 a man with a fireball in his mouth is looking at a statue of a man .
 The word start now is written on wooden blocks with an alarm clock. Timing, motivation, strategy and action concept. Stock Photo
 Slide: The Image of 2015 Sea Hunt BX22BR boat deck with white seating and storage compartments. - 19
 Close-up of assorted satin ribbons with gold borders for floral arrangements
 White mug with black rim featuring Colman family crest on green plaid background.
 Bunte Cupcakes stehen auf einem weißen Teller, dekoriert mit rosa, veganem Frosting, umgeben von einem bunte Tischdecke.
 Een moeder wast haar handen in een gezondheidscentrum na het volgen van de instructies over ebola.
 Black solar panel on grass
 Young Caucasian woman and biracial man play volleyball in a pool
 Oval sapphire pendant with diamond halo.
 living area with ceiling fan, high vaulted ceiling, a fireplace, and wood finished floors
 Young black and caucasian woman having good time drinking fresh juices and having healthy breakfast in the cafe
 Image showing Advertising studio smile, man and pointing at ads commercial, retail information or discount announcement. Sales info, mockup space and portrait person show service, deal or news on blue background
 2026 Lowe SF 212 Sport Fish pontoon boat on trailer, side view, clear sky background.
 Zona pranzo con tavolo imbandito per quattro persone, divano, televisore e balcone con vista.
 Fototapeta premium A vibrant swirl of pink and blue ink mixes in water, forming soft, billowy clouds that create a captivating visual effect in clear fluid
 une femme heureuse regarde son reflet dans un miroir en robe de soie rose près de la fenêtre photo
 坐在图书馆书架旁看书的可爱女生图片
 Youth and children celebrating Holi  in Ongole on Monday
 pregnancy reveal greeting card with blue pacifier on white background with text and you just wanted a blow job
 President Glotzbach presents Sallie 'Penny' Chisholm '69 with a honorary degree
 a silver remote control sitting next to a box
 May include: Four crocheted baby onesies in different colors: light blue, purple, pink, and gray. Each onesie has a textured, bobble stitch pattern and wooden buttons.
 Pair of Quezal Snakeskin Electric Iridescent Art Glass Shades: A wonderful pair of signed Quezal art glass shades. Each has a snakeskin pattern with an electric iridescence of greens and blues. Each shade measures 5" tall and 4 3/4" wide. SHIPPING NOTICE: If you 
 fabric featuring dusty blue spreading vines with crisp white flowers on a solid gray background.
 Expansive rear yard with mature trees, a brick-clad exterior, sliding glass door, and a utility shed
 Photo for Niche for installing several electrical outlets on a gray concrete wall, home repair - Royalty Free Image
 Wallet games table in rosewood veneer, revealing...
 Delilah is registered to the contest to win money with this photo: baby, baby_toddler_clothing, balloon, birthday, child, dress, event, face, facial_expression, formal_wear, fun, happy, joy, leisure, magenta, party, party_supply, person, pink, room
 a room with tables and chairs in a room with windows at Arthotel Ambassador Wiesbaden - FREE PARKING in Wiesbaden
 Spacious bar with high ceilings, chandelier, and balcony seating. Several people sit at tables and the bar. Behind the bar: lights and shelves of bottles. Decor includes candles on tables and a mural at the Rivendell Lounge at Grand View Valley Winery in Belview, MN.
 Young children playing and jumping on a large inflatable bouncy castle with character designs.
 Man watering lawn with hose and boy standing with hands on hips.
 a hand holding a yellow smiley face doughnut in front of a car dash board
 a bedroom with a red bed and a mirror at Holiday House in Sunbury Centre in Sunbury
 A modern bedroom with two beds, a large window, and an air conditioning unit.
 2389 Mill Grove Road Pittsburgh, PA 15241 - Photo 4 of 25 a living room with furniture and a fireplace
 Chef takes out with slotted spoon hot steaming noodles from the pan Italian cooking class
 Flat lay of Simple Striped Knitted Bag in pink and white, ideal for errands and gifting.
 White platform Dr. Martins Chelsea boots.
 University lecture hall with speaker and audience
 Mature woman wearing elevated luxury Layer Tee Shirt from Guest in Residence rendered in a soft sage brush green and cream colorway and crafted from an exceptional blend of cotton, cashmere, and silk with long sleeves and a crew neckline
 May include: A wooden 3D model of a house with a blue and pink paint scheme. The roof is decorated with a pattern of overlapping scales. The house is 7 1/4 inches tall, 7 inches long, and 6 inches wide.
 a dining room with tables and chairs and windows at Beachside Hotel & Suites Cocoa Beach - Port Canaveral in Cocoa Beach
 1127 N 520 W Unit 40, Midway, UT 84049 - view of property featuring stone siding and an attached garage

══════════

Your task
Go to the line containing "a dining room" in the listing. Print it and every line through the last one, exactly and with nothing more.

Result below
 a dining room with tables and chairs and windows at Beachside Hotel & Suites Cocoa Beach - Port Canaveral in Cocoa Beach
 1127 N 520 W Unit 40, Midway, UT 84049 - view of property featuring stone siding and an attached garage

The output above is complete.